Review: The Gentleman

The Gentleman by Forrest Leo

Penguin Press, 2016. Hardcover, 304 pages.Cover: The Gentleman

With a Faust-inspired story line and the humor of an Oscar Wilde* play, The Gentleman crosses many genres with its prose.  With its setting in Victorian England, there is a touch of the historical.  The addition of a scientist and his flying machine adds a hint of steampunk.  But at the heart of the story is a romance masquerading as a mystery anyone, man or woman, can appreciate.

When poet Lionel Savage learns he is broke, he does what many young men in Victorian England does–he looks for an heiress and marries her.  However, once married Savage realizes he can no longer write as he lost his inspiration.  One fateful day, Savage accidentally conjures up the devil and they become “friends” complete with Savage loaning the devil a book of Tennyson poems.  Later that night, Savage’s wife disappears.  With her missing, Savage realizes he does love her.

Since Vivien Savage disappeared right after the devil’s appearance, Savage believes he accidentally sold his wife to the devil and he makes plans to rescue her.  In his quest he is joined by his loyal butler; his recently suspended from school brazen younger sister; Vivien’s swashbuckling world-traveling brother; his wizened longtime bookseller; and a young scientist.  Together they will work together to locate Hell and rescue Vivien, with some humorous happenings on the side.

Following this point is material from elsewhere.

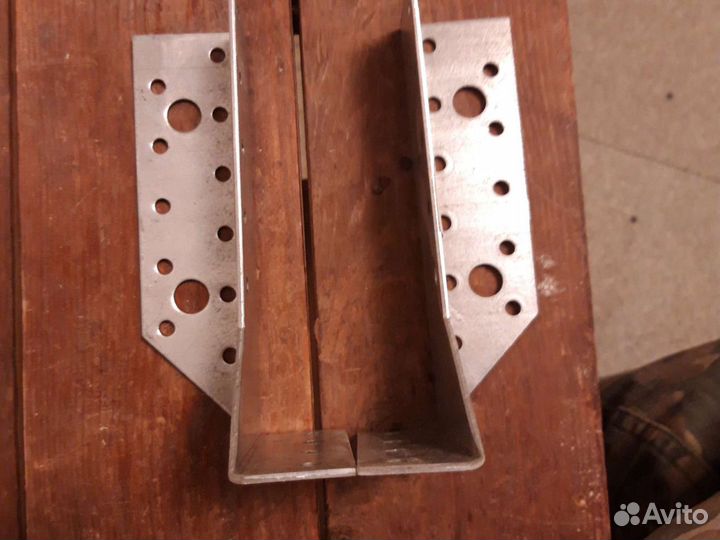 Опора балки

This novel is so ridiculously absurd that it is hilarious.  I understand why the summary on Goodreads likens it to Monty Python.  It also likens the book to P.G. Wodehouse, whom I have not read.  Because of that hilarity, you will want to keep on reading to see what Savage’s next crazy scheme will be. It helps that the novel is written from Savage’s point of view. I also liked how Leo headed the chapters with titles reminiscent of the era depicted, for example “In Which My Sister Returns Home for Reasons Best Omitted, & I Am Forced to Deliver to Her a Previously Unmentioned Piece of Intelligence.”  An additional bit of humor was added via footnotes with comments from Savage’s lawyer/Vivien’s cousin, Hubert, who plays a key role at the novel’s end.

Do you think you will read this novel?  Do you have another retelling of the Faust tale to share with us?

My review is based on an advanced reader copy provided by the publisher.  The Gentleman will be released on August 16, 2016.

*Specifically, The Importance of Being Ernest came to mind.  Also a touch of Shakespeare a la A Midsummer’s Night’s Dream.